Make an exact copy of all the data, pictures excluded.

**Brief descriptive captions**
—————
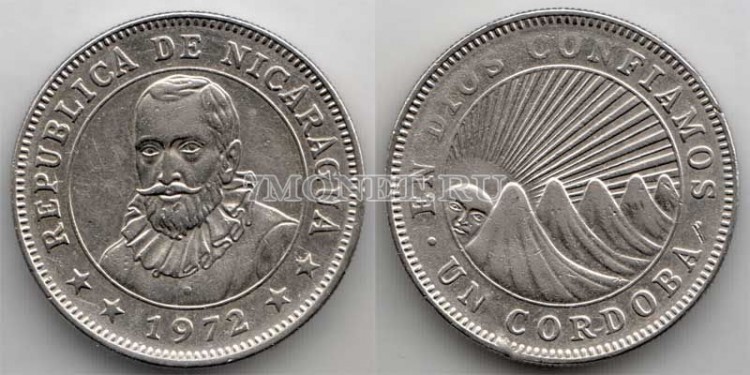 монета Никарагуа 1 кордоба 1972 год Франсиско Эрнандес де Кордоба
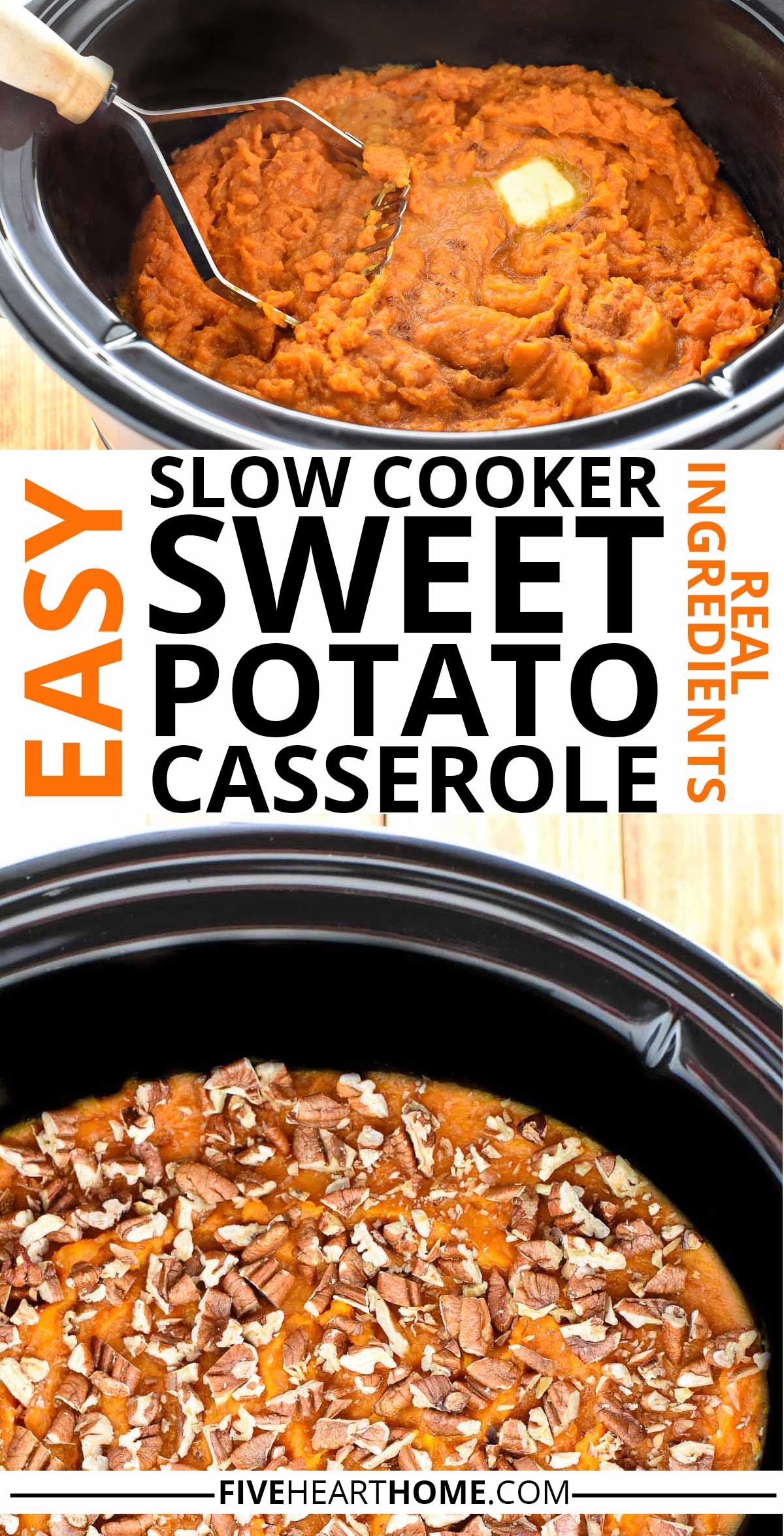 Slow Cooker Sweet Potato Casserole ~ this creamy, delicious, crockpot sweet potato casserole recipe is made with real ingredients and topped with toasty pecans for an easy Thanksgiving side dish that frees up valuable oven space! | FiveHeartHome.com via @fivehearthome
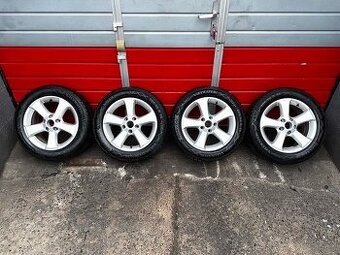 Original ALU kola VW 16" 6,5J ET42 zimní pneu 205/55/R16 - 1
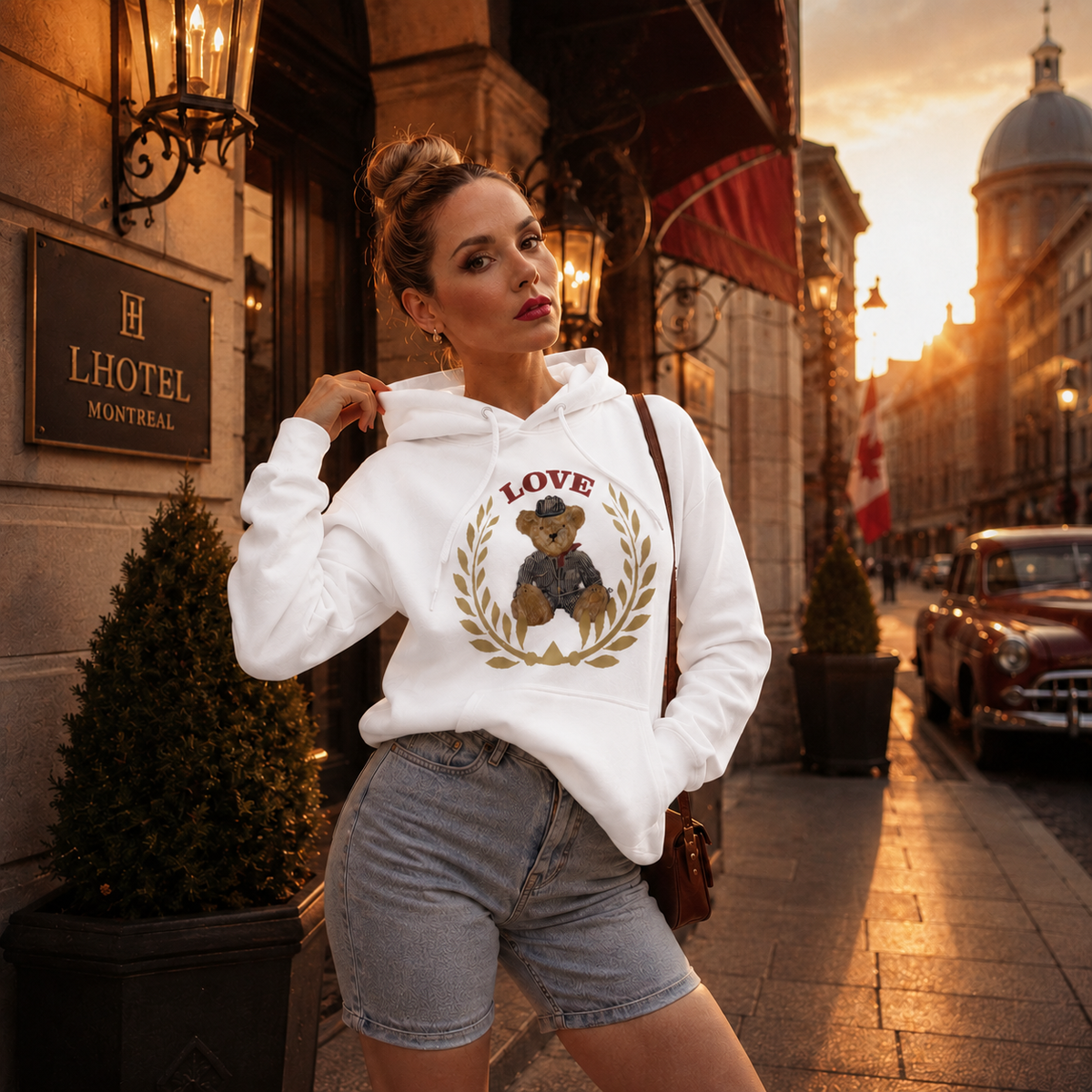 Elena Unisex Hoodie – LOVE Crest Teddy Bear | Boutique LH Montréal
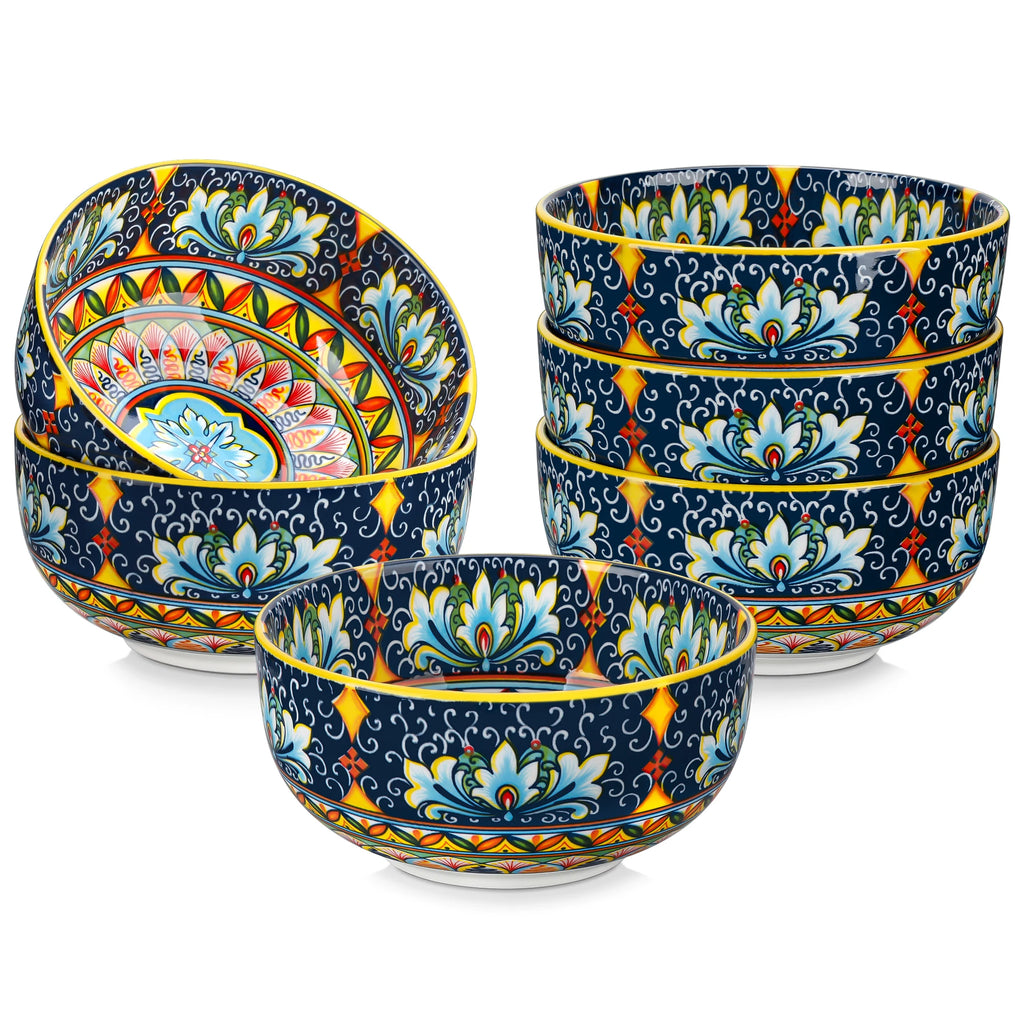 vancasso 6/12 Piece Cereal Bowls Set 28 Oz Bohemian style for Salad/Pasta/Rice/Oatmeal/Fruit/Cereal for  6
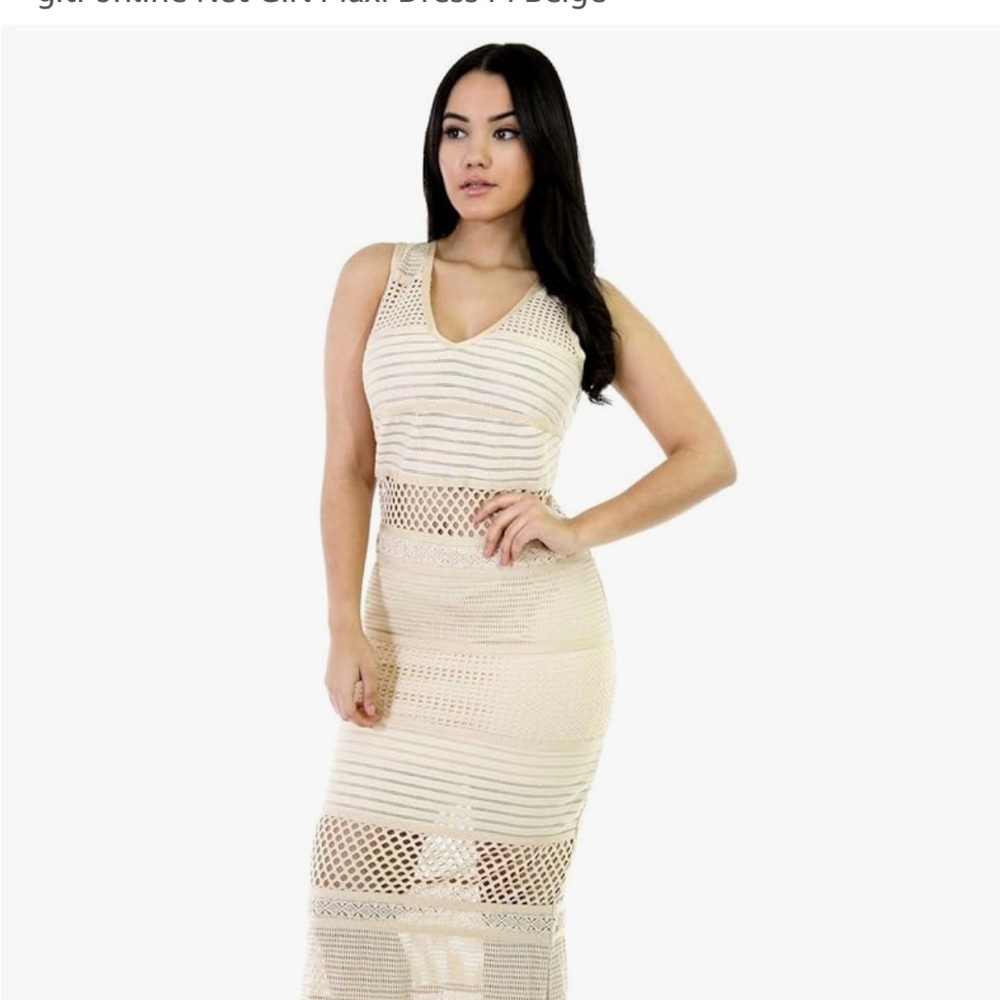 NWOT
Sexy Cream Sleeveless Maxi Dress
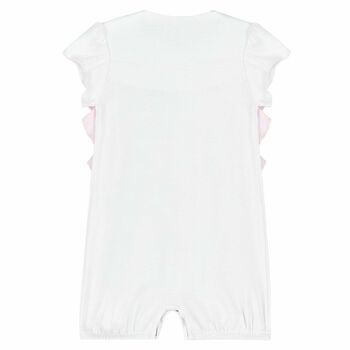 Baby Girls White Printed Romper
—————
**Response box**
 монета Никарагуа 1 кордоба 1972 год Франсиско Эрнандес де Кордоба
 Slow Cooker Sweet Potato Casserole ~ this creamy, delicious, crockpot sweet potato casserole recipe is made with real ingredients and topped with toasty pecans for an easy Thanksgiving side dish that frees up valuable oven space! | FiveHeartHome.com via @fivehearthome
 Original ALU kola VW 16" 6,5J ET42 zimní pneu 205/55/R16 - 1
 Elena Unisex Hoodie – LOVE Crest Teddy Bear | Boutique LH Montréal
 vancasso 6/12 Piece Cereal Bowls Set 28 Oz Bohemian style for Salad/Pasta/Rice/Oatmeal/Fruit/Cereal for  6
 NWOT
Sexy Cream Sleeveless Maxi Dress
 Baby Girls White Printed Romper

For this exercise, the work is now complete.